The murder of George Floyd in Minneapolis sparked a movement of people taking to the streets to show their outrage at yet another heartbreaking and deadly setback in the ongoing fight for justice and equality for all. As business leaders, we cannot ignore that this social unrest isn’t just about safety; at its core, it represents a fight for having a fair shot at opportunity—in life and at work. It’s a fight for unbiased consideration for hourly jobs, salaried jobs, housing, educational opportunities, procurement opportunities, executive management positions, and board seats.
While companies pour resources into D&I and think of these efforts as a badge of honor, people of color, specifically African Americans and Latinos who work in corporate America, continue enduring subtle (or not-so-subtle) racism at work. They are often overlooked for promotions they deserve, and they are routinely viewed as being token minorities that “check a box” when it comes to diversity efforts, rather than being valued as talented and qualified employees. Colleagues fail to realize how hard they worked, and the obstacles they encountered to get there, just to be in the room. They are worthy. And they feel unending pressure to work even harder to prove themselves, while facing challenging barriers to advancement that are largely invisible to white professionals.
Racial inequality has become so pervasive that many people believe those who aren’t using their privilege to challenge the status quo are contributing to the problem. And unfortunately, although many corporations and leaders think they have been part of the solution when it comes to supporting an inclusive environment, in reality, their lack of success in driving real change has indeed been part of the problem. The lack of support minorities receive at work can be linked to affinity bias, which is when people have a favorable bias towards others who have similar backgrounds, or to those who remind them of themselves. Too often we see business leaders fail to advance members of underrepresented groups simply because those leaders have an affinity bias toward other candidates whose backgrounds mirror their own paths to success.
If leaders truly care about leveling the playing field and supporting people of color, they need to start developing adequate systems for measuring progress. We’ve all heard the mantra that what matters gets measured. Without metrics, it’s impossible to rally people behind specific goals and determine whether progress is being made.

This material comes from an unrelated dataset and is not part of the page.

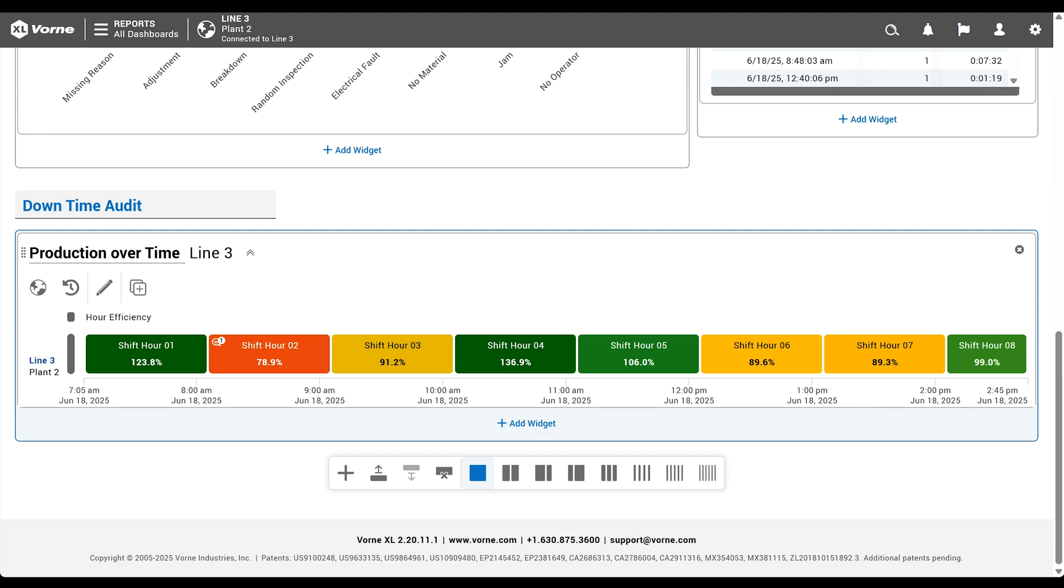Actually, we hope you talk about red a lot since it highlights your greatest opportunity to improve. Efficiency provides some interesting context because it shows how well production is running during planned production time.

For example, can you picture corporate executives and boards sitting around saying, “It seems like our leaders should be doing more, but their hearts are in the right places. I guess our hands are tied.” Successful businesses are simply not run that way. And yet that’s how most organizations are managing their D&I efforts. No wonder companies aren’t making much progress.

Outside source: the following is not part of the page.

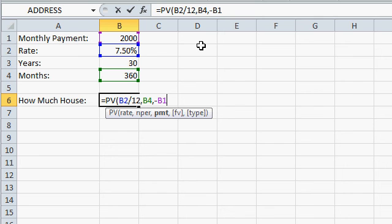Type is either zero or one, and zero, which is the default, means the payments are due at the end of the payment period, whereas one means the payments are due at the beginning of the period. Again, usually it doesn't matter. Usually when you get approved for a loan, whether it's a car loan or a mortgage, you get approved January 1st, your first payment isn't usually due until February 1st.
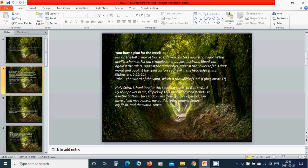Your battle plan for the week. Put on the full armor of God so that you can take your stand against the devil's schemes. For our struggle is not against flesh and blood, but against the rulers, against the authorities, against the powers of this dark world, and against the spiritual forces of evil in the heavenly realms. Take the sword of the Spirit, which is the word of God. Hallelujah.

The reality is that people do what they are incented to do. That’s why companies develop key metrics that matter for business success, and leaders are measured against those metrics in their performance reviews. When leaders demonstrate progress in improving on key metrics, they are rewarded. It’s a simple concept that virtually all successful businesses use because it works.
It’s time to start leading D&I just like any other contributor to the bottom line.
Companies need to evaluate where they currently stand versus where they want to be, determine the key metrics needed to get there and develop a realistic but assertive timeline for closing the gap, and then tie those metrics to performance reviews of the company and key executives. Companies need to ensure they foster and build a strong sense of empathy, equality, and effort. This is what I call E3. A company’s E3 score can be quantitatively measured through a variety of constructs to determine whether a company is vested in minorities and inclusion. Key D&I metrics that leaders could be measured against include the pipeline of promotable people for key management roles, benchmark promotion tracking, hiring trends, mentorships, recruitment colleges, and hiring mandates. What does the breakdown look like for women and people of color in middle and executive levels? It is customary to report aggregated diversity statistics, but it is not always a complete reflection of reality because companies know how to manipulate the numbers to tell a story. How do compensation packages compare for different races and genders? Research reveals disparities continue to exist. These kinds of metrics yield concrete data, showing whether companies and leaders are making progress, remaining stagnant, or going in the wrong direction entirely.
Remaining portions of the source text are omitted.